I think it’s partly that I need to do something in response to a literal fascist government that has become belligerent and hostile to its closest friends and is threatening to “annex” my country1. Insanity. These are not normal circumstances. This isn’t about patriotism or jingoism or punishment. I can’t fix the chaos, but I can reduce my exposure to it. And maybe part of it is just grasping to be able to take some action, no matter how small and insignificant, in the face of everything.

So. I’m working through the process of moving US-based things onto Canadian-based services, and deactivating or cancelling whatever I can of what remains in the US.

I’ve moved my Mastodon account from the excellent and fun social.ds106.us (I mean, I can’t really have a good chunk of my online presence hosted on a .us TLD) to the CoSocial.ca cooperative. The migration seems to have been pretty seamless and mostly automatic. My performance art Tinnitus Bot account is still on the DS106 server. I don’t know if I’ll migrate it or just let it disappear. It’s run its course.

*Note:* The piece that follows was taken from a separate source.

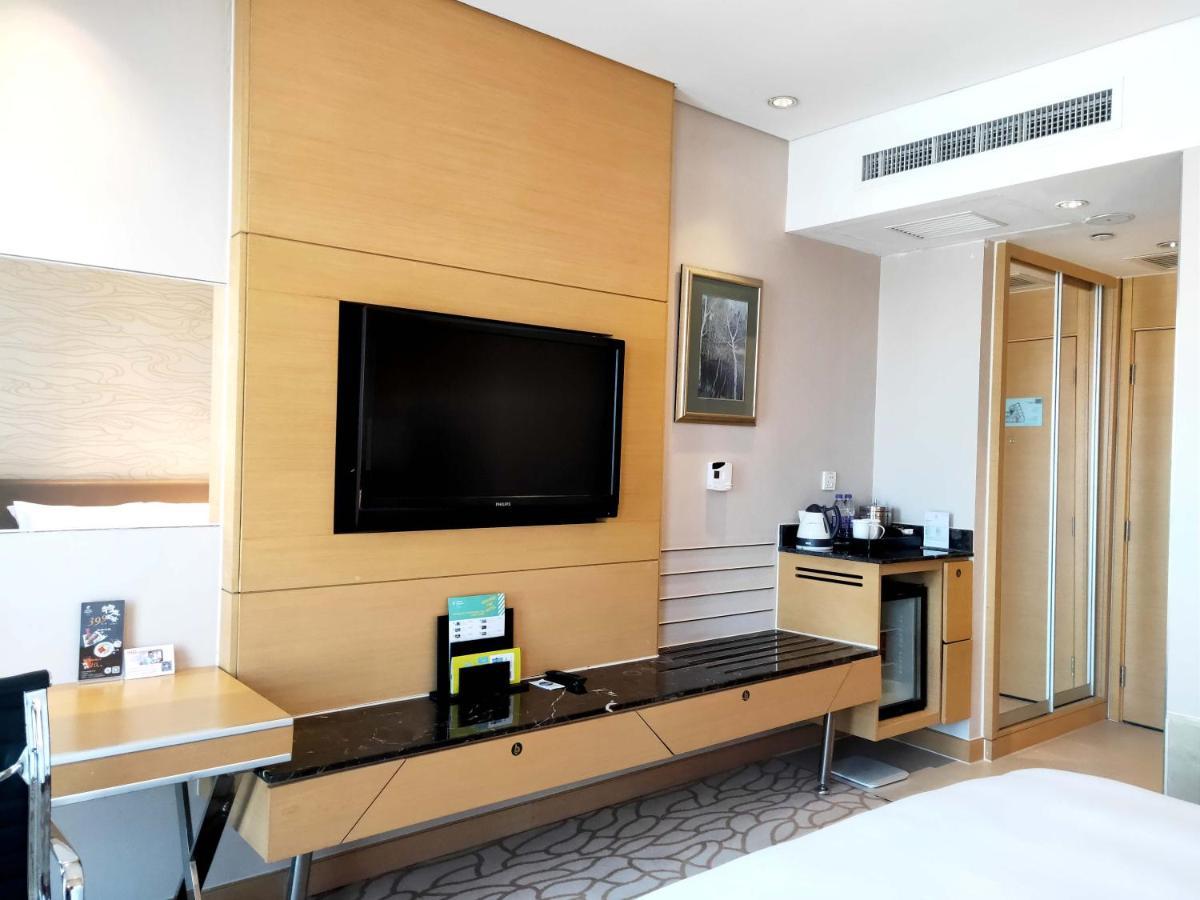 Radisson Hotel Tianjin Aqua City Dış mekan fotoğraf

I’ve deactivated my Facebook and Instagram accounts. I had to keep Messenger because that’s the only way I have contact with several important friends and family - but the account deletion panel said I’d be able to continue using Messenger after deactivating (just not FB or Insta). Later, I got a notification on my phone about a new message in Messenger. So I click the notification and get a “Welcome back” notice before seeing the thread. And then I get an email from Facebook saying my account has been reactivated. So, I’m guessing “you can continue to use Messenger after deactivating your Facebook account” actually means “You can never ever deactivate your Facebook account”. Which means I’m stuck in the “do I continue to have contact with people I care about, or do I delete my Facebook account entirely” dilemma. Fun!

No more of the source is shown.